Et maintenant, je retrouvais cette même impression que la personne qui vous parle ne s’adresse pas à vous, ou plutôt s’adresse à quelqu’un qui, objectivement, ne peut être que vous, mais que vous ne connaissez pas, ou pas encore ; quelqu’un que vous êtes peut-être devenu sans vous en apercevoir ;

Si je n’avais pas eu la force physique d’une octogénaire et la réactivité d’un sénateur, je lui aurais sauté au cou.

Tu le sais, toi ? D’ailleurs au fond, qu’est-ce qui compte le plus… Connaître quelqu’un, ou être là pour lui… Simplement là…

Les autres essaieront toujours de décider pour toi de ce qui est important, de ce qui est grave ou pas grave… de ce qui est sacré ou pas sacré… Noël… C’est une tradition, voilà… C’est sympa, les traditions, parce que… c’est des rendez-vous… des occasions. Mais ce qui compte, au fond, ce n’est pas de respecter les traditions ; ce qui compte, c’est d’être… comme toi et moi, tout de suite : au bon endroit au bon moment.

Les Anglais sont incroyables. Dans les jardins publics, tu vois des types qui annoncent la fin du monde debout sur un tabouret par moins cinq degrés, et les gens qui s’arrêtent, et qui les écoutent. Là-bas, personne ne se prend au sérieux, du coup tout le monde est pris au sérieux. Exactement le contraire d’ici.
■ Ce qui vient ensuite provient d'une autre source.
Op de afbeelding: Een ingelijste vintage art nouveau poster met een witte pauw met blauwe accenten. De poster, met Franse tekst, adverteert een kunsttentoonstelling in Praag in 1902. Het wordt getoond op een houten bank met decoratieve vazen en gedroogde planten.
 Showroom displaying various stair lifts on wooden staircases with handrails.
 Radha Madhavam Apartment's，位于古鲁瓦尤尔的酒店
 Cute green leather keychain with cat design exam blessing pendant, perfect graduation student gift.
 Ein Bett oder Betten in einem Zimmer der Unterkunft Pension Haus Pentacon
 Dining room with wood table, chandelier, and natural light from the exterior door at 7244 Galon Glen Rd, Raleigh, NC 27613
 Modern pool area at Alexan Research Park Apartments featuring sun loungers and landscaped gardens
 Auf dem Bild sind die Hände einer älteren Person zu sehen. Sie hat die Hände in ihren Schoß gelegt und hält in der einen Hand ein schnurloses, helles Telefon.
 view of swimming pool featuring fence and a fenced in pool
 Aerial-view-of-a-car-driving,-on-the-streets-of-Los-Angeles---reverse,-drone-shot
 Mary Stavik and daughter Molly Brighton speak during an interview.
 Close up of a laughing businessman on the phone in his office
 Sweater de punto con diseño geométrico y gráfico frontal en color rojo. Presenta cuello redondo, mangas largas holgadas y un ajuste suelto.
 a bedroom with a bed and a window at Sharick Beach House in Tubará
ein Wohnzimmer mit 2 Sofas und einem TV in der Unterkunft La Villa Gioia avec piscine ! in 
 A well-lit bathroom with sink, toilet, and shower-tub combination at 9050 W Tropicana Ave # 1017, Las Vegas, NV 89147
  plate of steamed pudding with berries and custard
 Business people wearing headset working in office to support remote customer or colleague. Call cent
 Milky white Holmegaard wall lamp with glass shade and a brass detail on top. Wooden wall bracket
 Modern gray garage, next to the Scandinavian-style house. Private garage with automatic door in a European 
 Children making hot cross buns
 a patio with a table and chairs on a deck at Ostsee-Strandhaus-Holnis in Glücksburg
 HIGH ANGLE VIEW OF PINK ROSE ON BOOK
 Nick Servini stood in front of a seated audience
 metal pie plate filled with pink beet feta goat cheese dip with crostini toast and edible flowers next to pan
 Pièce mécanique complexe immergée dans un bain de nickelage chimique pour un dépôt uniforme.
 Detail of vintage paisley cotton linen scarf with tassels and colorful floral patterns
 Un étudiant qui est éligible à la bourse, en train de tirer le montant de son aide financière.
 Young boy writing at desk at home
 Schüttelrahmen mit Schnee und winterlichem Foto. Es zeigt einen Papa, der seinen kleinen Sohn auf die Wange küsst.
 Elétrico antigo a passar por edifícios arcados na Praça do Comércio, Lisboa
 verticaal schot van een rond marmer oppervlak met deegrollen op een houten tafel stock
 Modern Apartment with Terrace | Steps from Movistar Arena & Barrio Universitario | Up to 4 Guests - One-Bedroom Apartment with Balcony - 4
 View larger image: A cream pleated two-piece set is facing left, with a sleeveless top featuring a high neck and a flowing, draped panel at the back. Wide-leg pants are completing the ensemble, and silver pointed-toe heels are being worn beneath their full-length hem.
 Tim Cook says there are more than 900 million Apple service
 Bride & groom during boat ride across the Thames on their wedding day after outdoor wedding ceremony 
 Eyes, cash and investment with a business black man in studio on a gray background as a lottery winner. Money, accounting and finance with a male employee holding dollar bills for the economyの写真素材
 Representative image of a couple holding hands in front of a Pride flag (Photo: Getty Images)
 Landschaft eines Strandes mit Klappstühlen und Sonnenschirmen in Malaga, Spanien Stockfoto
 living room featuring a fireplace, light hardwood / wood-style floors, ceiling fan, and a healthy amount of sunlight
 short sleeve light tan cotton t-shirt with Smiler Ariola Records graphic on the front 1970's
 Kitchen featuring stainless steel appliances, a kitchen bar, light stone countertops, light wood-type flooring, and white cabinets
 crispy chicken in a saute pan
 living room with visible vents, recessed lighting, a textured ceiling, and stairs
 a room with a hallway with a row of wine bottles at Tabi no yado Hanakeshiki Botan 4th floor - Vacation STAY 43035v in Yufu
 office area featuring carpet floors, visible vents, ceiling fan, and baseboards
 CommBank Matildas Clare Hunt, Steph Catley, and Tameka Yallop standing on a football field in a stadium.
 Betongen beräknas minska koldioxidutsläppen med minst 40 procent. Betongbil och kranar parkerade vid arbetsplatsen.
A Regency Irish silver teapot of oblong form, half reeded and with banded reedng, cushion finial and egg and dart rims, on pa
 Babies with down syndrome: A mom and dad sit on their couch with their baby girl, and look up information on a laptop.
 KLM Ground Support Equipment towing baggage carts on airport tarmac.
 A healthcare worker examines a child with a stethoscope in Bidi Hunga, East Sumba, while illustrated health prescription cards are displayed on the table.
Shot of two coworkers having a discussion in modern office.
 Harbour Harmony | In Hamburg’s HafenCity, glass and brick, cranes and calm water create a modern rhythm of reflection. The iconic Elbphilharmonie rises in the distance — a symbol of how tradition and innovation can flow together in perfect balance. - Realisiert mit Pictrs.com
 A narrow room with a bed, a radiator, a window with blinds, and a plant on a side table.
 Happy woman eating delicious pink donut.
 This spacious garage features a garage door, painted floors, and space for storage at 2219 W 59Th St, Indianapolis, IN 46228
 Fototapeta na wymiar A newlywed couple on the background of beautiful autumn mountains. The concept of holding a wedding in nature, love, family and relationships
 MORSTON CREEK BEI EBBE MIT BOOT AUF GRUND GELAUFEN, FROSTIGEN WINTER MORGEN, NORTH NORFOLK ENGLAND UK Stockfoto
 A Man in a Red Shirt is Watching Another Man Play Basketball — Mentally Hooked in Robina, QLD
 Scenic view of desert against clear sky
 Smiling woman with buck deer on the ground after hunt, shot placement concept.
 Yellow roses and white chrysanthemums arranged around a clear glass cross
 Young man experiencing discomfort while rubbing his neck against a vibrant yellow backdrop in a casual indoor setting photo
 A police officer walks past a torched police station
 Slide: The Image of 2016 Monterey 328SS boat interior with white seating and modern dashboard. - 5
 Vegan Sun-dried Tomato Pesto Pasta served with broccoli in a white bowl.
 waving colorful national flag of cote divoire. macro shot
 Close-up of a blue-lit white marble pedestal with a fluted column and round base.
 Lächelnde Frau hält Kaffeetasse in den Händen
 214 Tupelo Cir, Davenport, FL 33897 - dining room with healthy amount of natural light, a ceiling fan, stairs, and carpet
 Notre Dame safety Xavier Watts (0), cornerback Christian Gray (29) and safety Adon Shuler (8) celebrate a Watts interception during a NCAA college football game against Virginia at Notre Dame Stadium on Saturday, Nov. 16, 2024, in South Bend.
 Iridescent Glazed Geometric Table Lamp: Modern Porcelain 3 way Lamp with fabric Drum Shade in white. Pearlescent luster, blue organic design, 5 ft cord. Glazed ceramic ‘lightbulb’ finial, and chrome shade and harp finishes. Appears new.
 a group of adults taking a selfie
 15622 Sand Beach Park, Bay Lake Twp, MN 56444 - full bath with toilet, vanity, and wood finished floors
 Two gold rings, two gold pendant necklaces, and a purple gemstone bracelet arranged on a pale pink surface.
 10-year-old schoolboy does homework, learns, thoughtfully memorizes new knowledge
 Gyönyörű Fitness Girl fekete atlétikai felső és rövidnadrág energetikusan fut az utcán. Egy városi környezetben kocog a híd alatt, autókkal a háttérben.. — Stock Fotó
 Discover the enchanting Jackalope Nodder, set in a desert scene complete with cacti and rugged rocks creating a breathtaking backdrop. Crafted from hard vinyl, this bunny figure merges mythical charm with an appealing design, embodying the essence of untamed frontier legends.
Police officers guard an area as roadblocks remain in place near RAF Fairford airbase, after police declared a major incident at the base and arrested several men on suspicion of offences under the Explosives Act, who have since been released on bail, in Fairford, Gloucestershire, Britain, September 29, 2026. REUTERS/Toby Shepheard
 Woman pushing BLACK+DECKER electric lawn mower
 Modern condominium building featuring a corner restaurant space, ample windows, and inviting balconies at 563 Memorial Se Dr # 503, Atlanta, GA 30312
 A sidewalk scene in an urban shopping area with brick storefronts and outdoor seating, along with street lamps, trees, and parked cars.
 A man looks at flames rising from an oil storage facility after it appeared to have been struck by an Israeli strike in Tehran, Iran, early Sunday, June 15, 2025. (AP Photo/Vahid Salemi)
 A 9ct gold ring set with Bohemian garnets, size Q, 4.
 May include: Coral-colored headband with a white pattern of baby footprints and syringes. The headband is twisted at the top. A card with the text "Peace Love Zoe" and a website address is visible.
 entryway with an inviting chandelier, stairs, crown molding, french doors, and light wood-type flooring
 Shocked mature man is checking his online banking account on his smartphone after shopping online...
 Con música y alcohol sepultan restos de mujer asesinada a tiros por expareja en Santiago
« La vie ne nous appartient pas, elle nous traverse. 
J’aime cette phrase de Niccolò Ammaniti.

Le bonheur ne se raconte pas. Les plus grands moments de rigolade non plus.

Le Français est susceptible. Offensif et susceptible. Il aime déverser son fiel, injurier à tout-va, il excelle dans l’art de vous balancer vos quatre vérités, mais en retour, attention : il est sensible. Blessé, ses réactions peuvent être imprévisibles.